According to Drewry experts, a year ago, ocean container carriers were making record profits in the Asia-Europe trade but from summer 2008 freight rates on the headhaul market have plummeted and appear to still be in decline. And Drewry’s outlook for 2009 shows a continued decline in demand as more capacity hits the water in the form of newly ordered vessels.
A Wall Street Journal story points out that a year ago, the basic price of shipping a large container of goods from Asia to Europe, the world's busiest route, was $2,800. This week, with demand plunging amid a worsening economy, that price was $700, a level that is “unsustainable,” according to Eivind Kolding, CEO of Danish container shipping giant A.P. Moller Maersk.

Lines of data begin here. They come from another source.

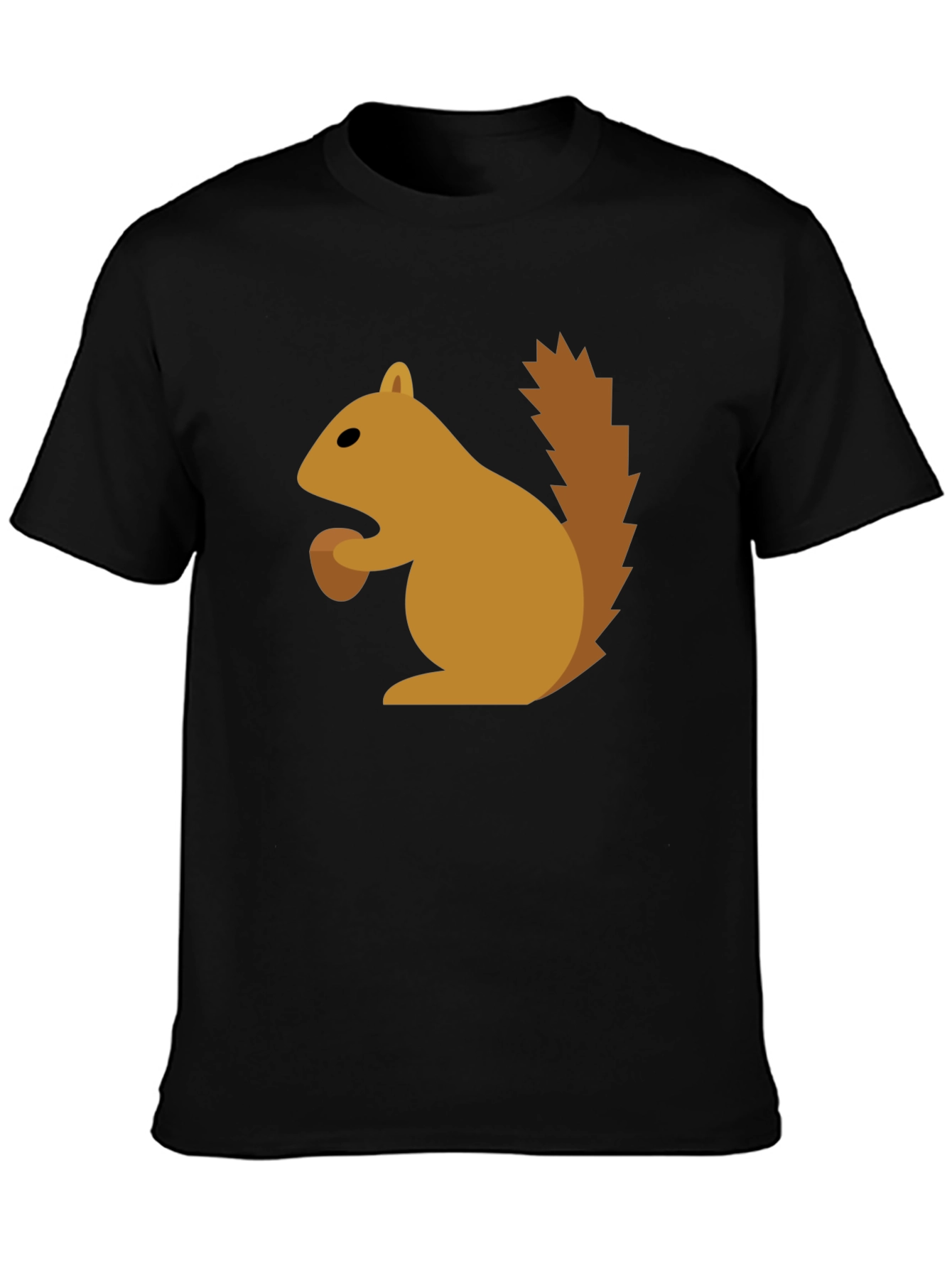 Black Squirrel Graphic Tee - Fun Black T-Shirt view 3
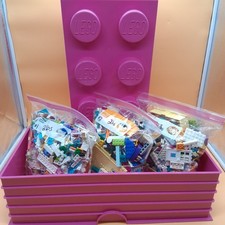 Lego pink storage - storage, box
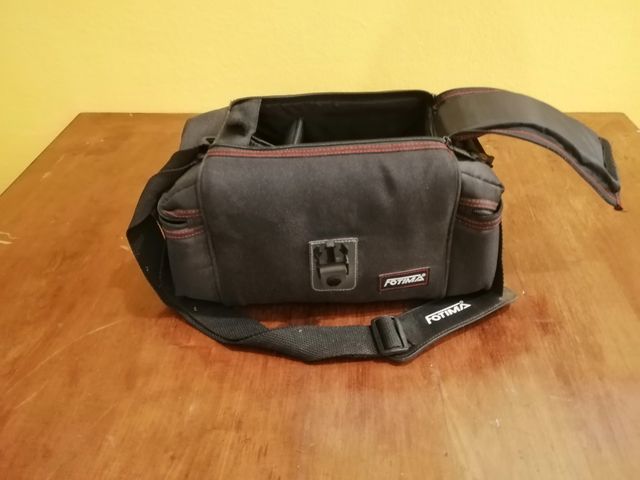 bolsa vintage cámara video fotima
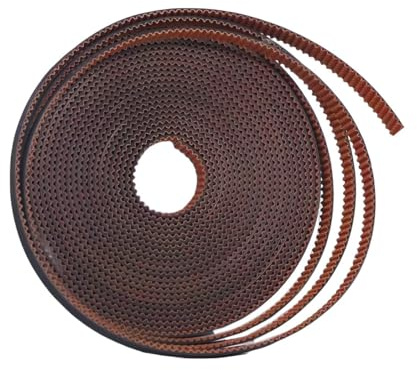 Newwish GT2 Zahnriemen 5m x 6mm, 3D Drucke GT2 Riemen 6mm Breite, Teilung 2mm, Offener 3D Printer GT2 Timing Belt, Glasfaserverstärkt, Rutschfest Verschleißfest, Nylon Zahnoberfläche. (5 Meter)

“There's a glut of new large container ships entering the market,” said Drewry’s Philip Damas in the Journal article. But Drewry says the plunging demand is not all in the shippers’ favor, as the strategy of slow steaming adopted by carriers to offset fuel costs is slowing shipments and soaking up some overcapacity, as carriers also cut unprofitable routes.
And overall capacity could be impacted further if a wave of mergers hits the struggling market. In late September, Singapore’s Neptune Orient Lines made a bid to buy Germany’s Hapag-Lloyd container shipping business but TUI, which owns Hapag-Lloyd, has not yet agreed to the deal.